As the number of nasty comments grew and spread to other Web pages, Morrissey learned there were several ways he could make them disappear. He could persuade the Siews to remove them (which they wouldn’t). He could hire a reputation management firm to write favorable comments and take other steps to counter-act them. Or, he could sue.
While Yelp.com agreed to remove the comments after he filed the lawsuit in 2011, Google said it would only do so if Morrissey won. Even after he got a judgment against the brothers in October when they failed to respond to the lawsuit, Google refused to scrub the comments. It wasn’t until December, after Circuit Judge David Crow issued a permanent injunction, spelling out the offending comments and ordering the Siews to remove them, that Google acted.

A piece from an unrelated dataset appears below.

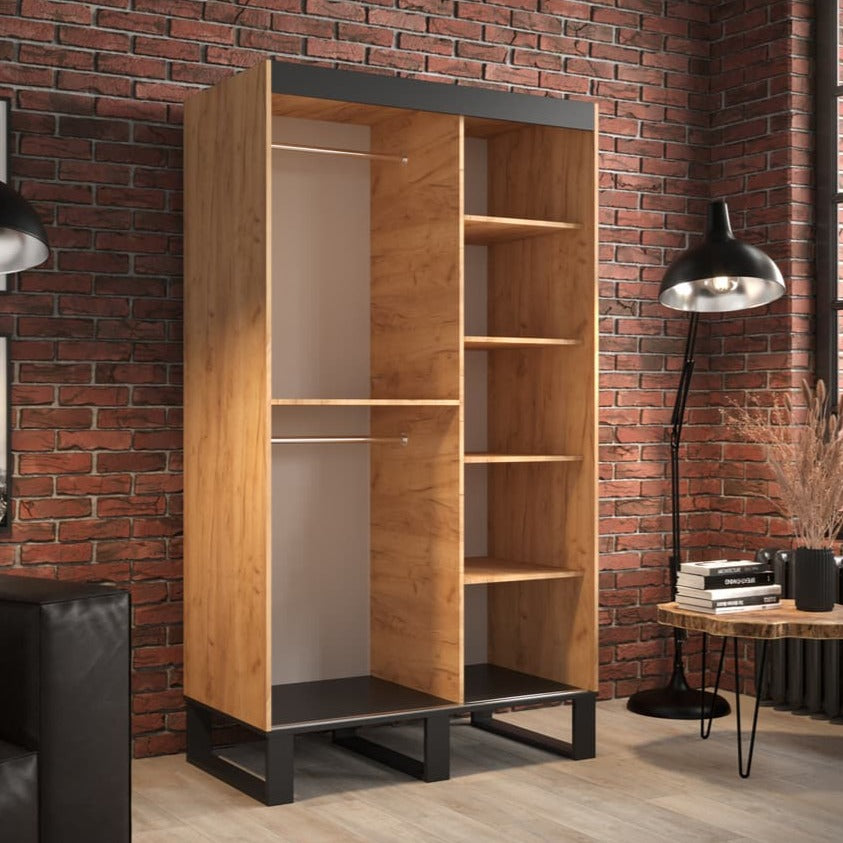 Loft T2 Sliding Door Wardrobe 120cm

Google’s stubborn refusal to do anything still angers Morrissey. “Each day these defamatory reviews appeared on the Internet my reputation is being damaged,” he said.
This month, after a two-day trial, a jury understood. Since Crow had already ruled that the brothers posted the defamatory comments, jurors were only asked to decide how much they should pay Morrissey for damaging his reputation. Neither of the brothers, who represented themselves, returned calls for comment.
Morrissey said he will head back to court to ask that the Siews also be forced to cover the roughly $4,500 he spent on court costs and more than $100,000 it cost him to represent himself.
Lidsky, the UF law professor, said she can sympathize with Morrissey. She recently tried to help a friend get a “nanny cam” video removed from the Internet and got a taste of how complicated and frustrating it can be.
Because courts throughout the country have taken different views of Internet defamation, she said the U.S. Supreme Court may eventually weigh in. Further, she said, Congress may change the rules, eliminating protections for Web sites that encourage the posting of “nastygrams” or obscene photos — known as “revenge porn” — by jilted lovers. Unfortunately, she said, such a change could have a chilling effect on speech that should be protected.
Noting the difficulty of sorting out the various competing free speech issues, Lidsky wonders if people will eventually learn to tolerate Internet slams. Just as young people are less likely to worry about privacy violations on the Internet, she suggested that they may be less concerned about ugly comments.
“The younger generation is going to be used to living their lives in the public spotlight,” she said. “Maybe the answer is that you’re going to have to live with a certain amount of content you don’t like. You have to learn to take the bitter with the sweet.”
First Amendment attorney Thomas Julin, former chairman of the Florida Bar committee on media and communications, said given the difficulty, cost and uncertainty of litigation, many people are turning to reputation management companies to combat online smears. But such companies aren’t cheap. A do-it-yourself approach is often easier.
“You need to create your own image,” he said. “It’s very difficult to remove negative comments but you can drown them out.”